Did they really understand the bond between a Sir and boy? Of course not. But that is a lot less important than you may think. I don’t know what its like to be married, yet I help my parents with their relationship when things are tough (and they have gotten pretty rough). Until recently I had never been in an interracial relationship, but that didn’t stop me being there for my friends who were as much as I could. The point is that when it comes to letting people in and allowing them to support you when you need it most, sometimes they don’t really need to “understand”.
It isn’t just about strengthening the bonds we have though. Being open about our interests creates an environment of sexual openness wherever we go, and challenges notions and judgments about our practices. For example, there have been two occasions in recent memory where I have educated my fellow students in a classroom environment on BDSM and leather culture. Last year in my public speaking class I presented a brief history of BDSM that stretched from the Marquis de Sade to present day. Afterwards the presentation was opened to questions, and class had to be extended for me to address all of them adequately. This semester in my Censorship in Media class I have continually spoken up when issues like the work of Robert Mapplethorpe have come up. I even had an hour-long meeting with the professor outside of class where I talked in depth about how important this part of my identity is. And I have to admit; he gave me a surprise and a smirk when he casually referenced Tom of Finland (I sometimes underestimate the straights). During our conversation, he asked how I felt becoming the token figure and the sole person who represented a great deal of mystery.

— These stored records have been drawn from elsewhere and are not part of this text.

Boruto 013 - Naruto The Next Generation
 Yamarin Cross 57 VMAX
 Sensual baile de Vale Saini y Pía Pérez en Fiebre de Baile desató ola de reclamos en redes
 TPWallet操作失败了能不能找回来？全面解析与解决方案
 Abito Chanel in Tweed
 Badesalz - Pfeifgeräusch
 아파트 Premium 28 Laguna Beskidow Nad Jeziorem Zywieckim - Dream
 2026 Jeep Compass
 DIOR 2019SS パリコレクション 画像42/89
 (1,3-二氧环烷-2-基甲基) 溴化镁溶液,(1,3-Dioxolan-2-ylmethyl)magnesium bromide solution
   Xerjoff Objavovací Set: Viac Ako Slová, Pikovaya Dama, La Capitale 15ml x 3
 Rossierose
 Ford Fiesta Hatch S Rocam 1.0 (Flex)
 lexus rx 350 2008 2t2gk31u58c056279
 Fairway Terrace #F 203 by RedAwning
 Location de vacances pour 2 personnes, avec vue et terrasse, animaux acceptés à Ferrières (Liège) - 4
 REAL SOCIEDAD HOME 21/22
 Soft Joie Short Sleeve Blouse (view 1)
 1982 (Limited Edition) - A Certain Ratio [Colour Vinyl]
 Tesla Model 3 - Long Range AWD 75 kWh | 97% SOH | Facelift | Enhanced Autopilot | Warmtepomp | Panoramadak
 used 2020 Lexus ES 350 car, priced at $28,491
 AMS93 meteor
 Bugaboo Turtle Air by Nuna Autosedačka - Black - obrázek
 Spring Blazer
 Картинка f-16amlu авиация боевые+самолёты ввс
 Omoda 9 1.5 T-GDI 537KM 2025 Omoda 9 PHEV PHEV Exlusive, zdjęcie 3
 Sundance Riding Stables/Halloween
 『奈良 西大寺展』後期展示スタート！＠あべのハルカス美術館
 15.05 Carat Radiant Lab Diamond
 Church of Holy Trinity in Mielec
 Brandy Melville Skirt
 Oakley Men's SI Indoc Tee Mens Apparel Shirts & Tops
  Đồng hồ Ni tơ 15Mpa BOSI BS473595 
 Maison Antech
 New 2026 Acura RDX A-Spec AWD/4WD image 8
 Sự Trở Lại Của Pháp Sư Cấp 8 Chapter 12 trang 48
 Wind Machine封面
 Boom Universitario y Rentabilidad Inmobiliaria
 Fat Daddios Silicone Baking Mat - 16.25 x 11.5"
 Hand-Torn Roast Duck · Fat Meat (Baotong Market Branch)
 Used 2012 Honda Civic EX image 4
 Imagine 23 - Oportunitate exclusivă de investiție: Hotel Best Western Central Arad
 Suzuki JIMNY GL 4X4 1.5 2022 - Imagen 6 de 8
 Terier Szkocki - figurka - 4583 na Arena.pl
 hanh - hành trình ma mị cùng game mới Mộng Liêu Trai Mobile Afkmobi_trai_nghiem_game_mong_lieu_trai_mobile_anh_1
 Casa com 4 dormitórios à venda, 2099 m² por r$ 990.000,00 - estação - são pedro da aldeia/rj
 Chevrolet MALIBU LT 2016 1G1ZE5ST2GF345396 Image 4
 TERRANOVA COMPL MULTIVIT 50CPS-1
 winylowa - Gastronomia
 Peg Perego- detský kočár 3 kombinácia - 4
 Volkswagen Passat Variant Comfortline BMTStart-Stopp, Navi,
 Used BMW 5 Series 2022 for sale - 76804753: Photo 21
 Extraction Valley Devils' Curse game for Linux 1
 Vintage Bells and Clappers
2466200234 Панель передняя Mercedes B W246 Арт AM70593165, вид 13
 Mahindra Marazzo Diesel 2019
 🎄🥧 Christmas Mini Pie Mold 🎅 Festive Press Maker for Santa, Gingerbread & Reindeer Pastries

To be honest, it energizes me. I enjoy talking about BDSM and leather in public. At one point a girl was discussing how horrifying an image of sounding was, and amidst the classroom uproar people began to quiet down to listen to me as I calmly and informatively described the practice (what it entails, why people do it, etc…). In another incident, I explained to the class what fisting was in a similar fashion (again, inspired by a Mapplethorpe image).
The final goal that we accomplish by being out, which is closely related to the previous, is opening the community to those who are most curious about it. I cannot tell you how many people I have known through school, friends, work, or wherever who have approached me in private to ask me questions about leather and BDSM. In fact, it was my openness about things that led to this blog. An acquaintance of mine, who knew I was a leather boy (as everyone does), ran a local DC blog and asked me to write a piece on ten things for young guys to know about getting into kink. That piece would later become my first post on this blog. Even during the Q&A I mentioned in my public speaking class, looking at everyone’ faces and raised hands made me understand how many people are curious about our community. Constantly titillated by mainstream images of kink, there was an enthusiasm behind every question that made me realize how disserved our community is by our own silence. Most are just playfully curious, but some are leather men and women at heart just waiting to learn more. Most would never look into it privately out of shame or fear, which is why these people need us. They need us to be open about our interests so they can begin to explore and understand their own.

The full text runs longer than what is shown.